One of my favorite scenes of all-time in Columbo series was the Dr Mayfield scene. It is precisely because he rarely gets angry that the scene is so jarring. I would like the anger scenes less if he did it all the time. In fact, I can only think of three scenes where he lost his cool in the entire series.
Two of my favorite scenes are the scenes in a Stitch in Crime and Exercise when he loses his cool. If he got angry on a regular basis these scenes would not have stood out. Hey give the guy a break, he is a homicide detective in what was then the third largest city in the US. Not an easy occupation and one that was filled with a great deal of stress. He is entitled to show anger especially when two individual's lives are in peril.
I think that many of us would have "lost it" much worse than Columbo when dealing with slime like Mayfield and Janus.
There are a small number of times that he at least gets inpatient (not furious) with someone who isn't the killer or connected with the killer. Like Richard Stahl's travel agent character in MOST CRUCIAL GAME. Of course, there's the little sub-plot that his feet are giving him trouble, so that explains it.
I like the roommate in A Stitch In Time: "She was other-directed I was inner -directed and I selfishly enjoy being with upper middle class people", etc. Columbo hasn't slept well and he's exhausted and the roommate is going a mile a minute.

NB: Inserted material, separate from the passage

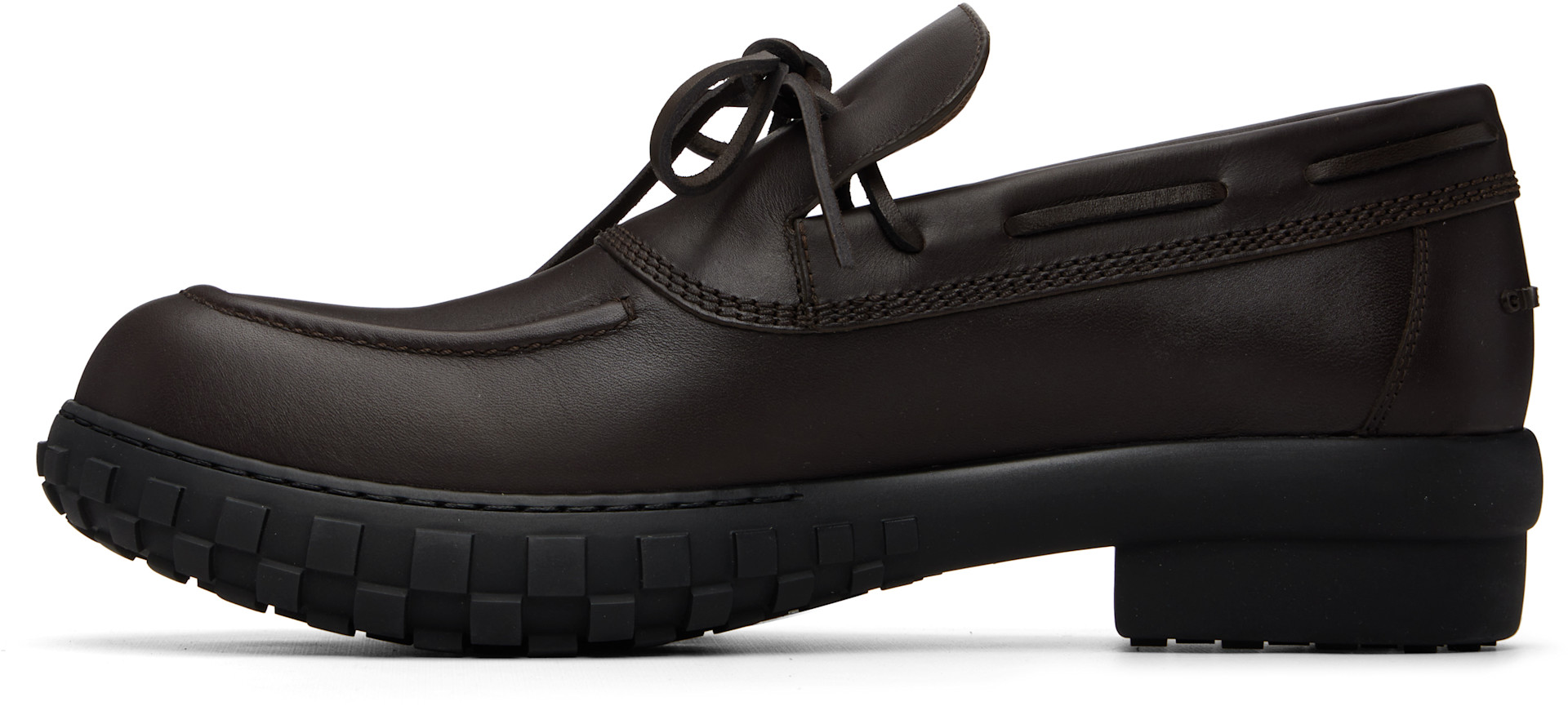 Givenchy - Chaussures bateau Echo brunes en cuir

Two of my favorite scenes are the scenes in a Stitch in Crime and Exercise when he loses his cool. If he got angry on a regular basis these scenes would not have stood out. Hey give the guy a break, he is a homicide detective in what was then the third largest city in the US. Not an easy occupation and one that was filled with a great deal of stress. He is entitled to show anger especially when two individual's lives are in peril.

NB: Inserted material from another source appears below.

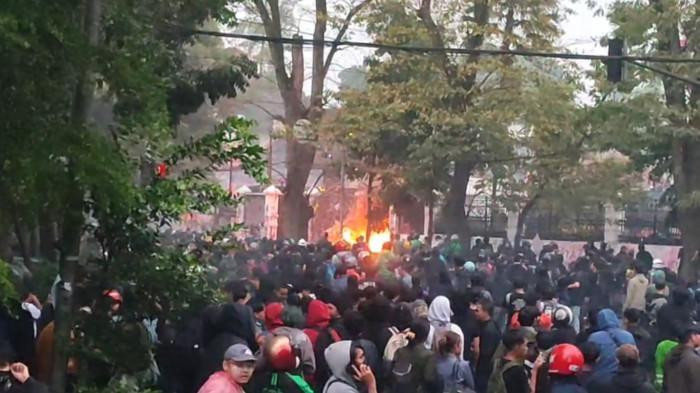 Demo Besar-besaran di Indonesia, Ini Kronologi dan Tuntutan Massa: Turunkan Presiden Hingga Batalkan Kenaikan Gaji DPR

I think that many of us would have "lost it" much worse than Columbo when dealing with slime like Mayfield and Janus.
The difference being of course that we're dissecting scripts involved in dealing with inventive and wealthy perpetrators, not the unpredictable and amoral actions of street drug users carrying loaded weapons.
We have to remember that we are analyzing a TV show, not the facts constructed around the notion of a real life. However, that sort of unbridled belief is the very reason why we all adore Hollywood-contrived characters like Columbo, ain't it? I mean, of what good would devotion be without it?